• Aim of the exercise:
From the listing below, output the lines between the one with "울산 현대 구단 사과문" and the one with "Личность,общество и церковь", including those two, and nothing else. Pictures are not copied.

• Input data:
:::::
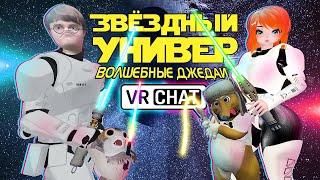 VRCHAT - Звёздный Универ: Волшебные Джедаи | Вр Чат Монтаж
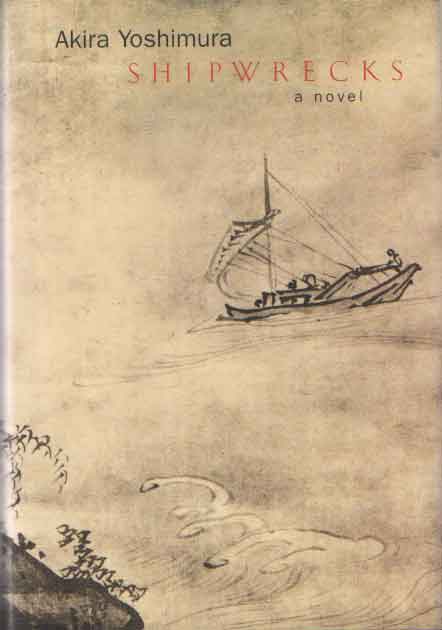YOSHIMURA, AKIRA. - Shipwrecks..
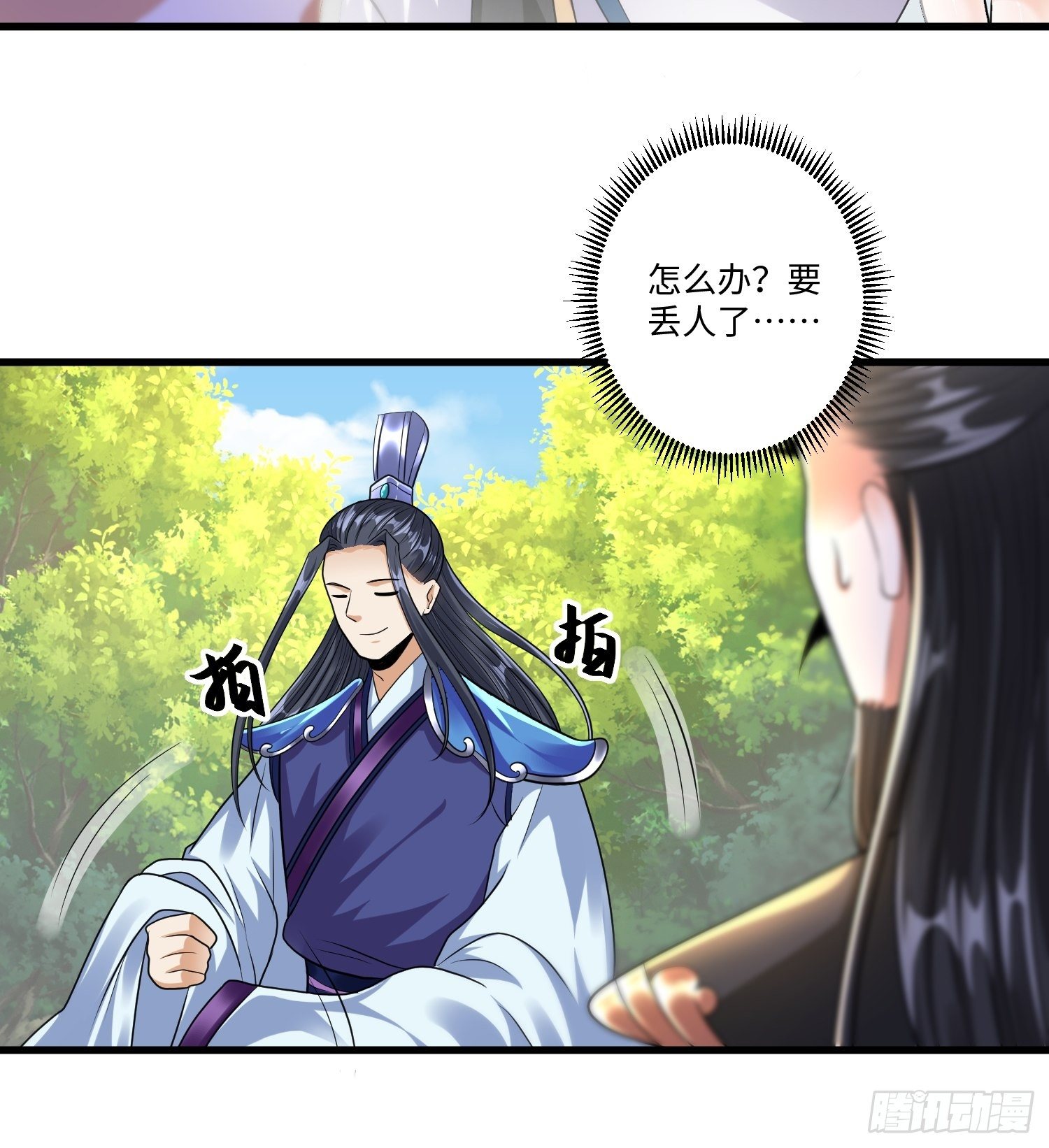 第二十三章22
:::::
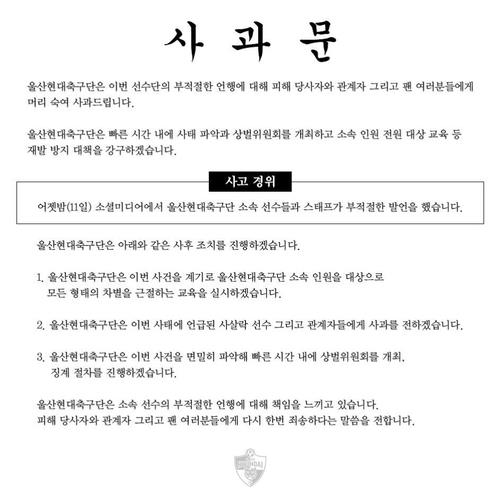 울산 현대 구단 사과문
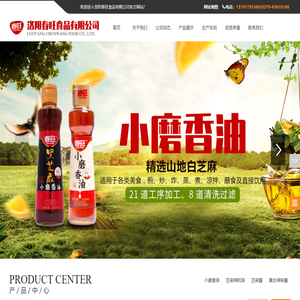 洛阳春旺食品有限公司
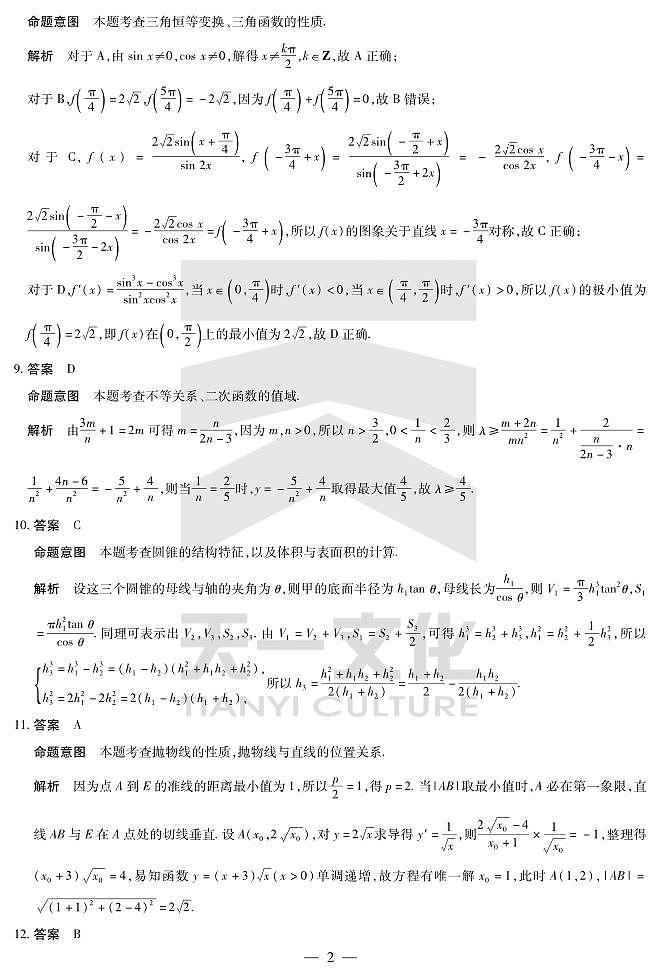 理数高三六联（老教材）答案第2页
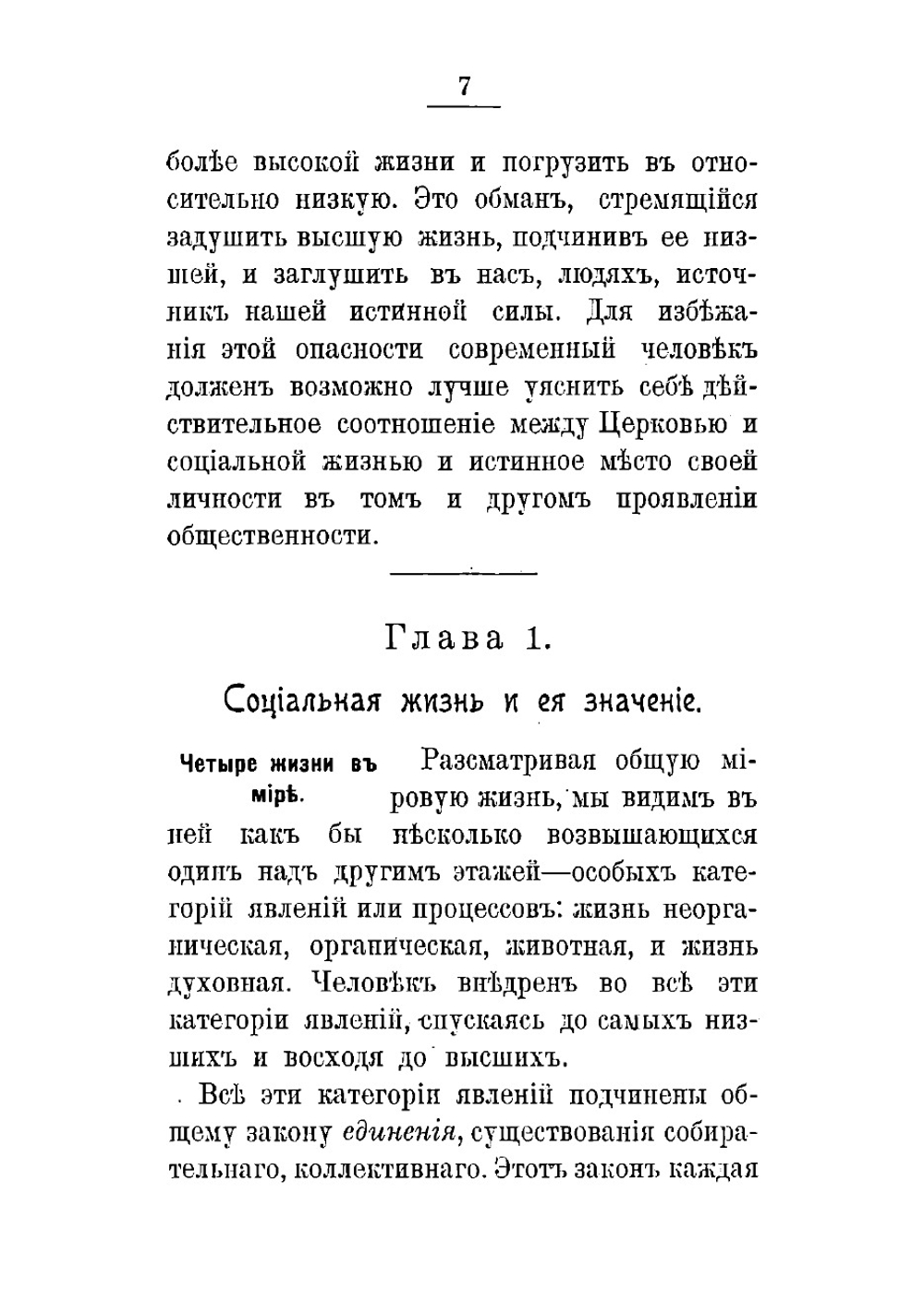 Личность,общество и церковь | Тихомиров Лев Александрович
:::::
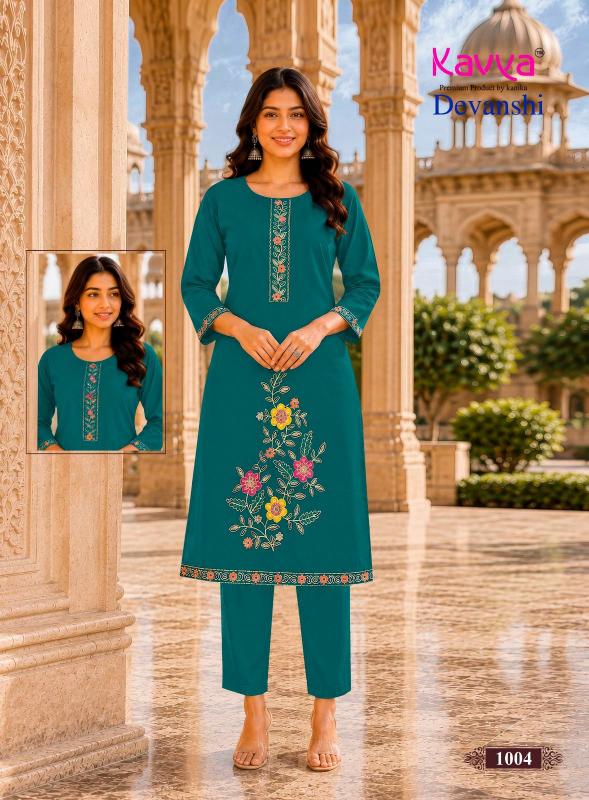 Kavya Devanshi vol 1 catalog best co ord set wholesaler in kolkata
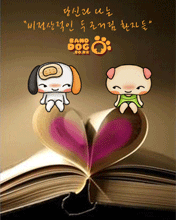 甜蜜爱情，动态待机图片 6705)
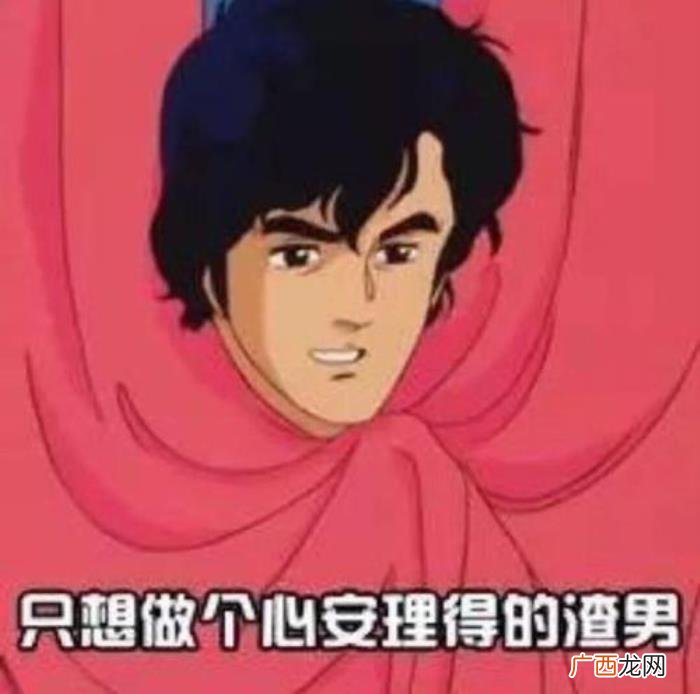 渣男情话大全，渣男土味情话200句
:::::
• Expected output:
 울산 현대 구단 사과문
 洛阳春旺食品有限公司
 理数高三六联（老教材）答案第2页
 Личность,общество и церковь | Тихомиров Лев Александрович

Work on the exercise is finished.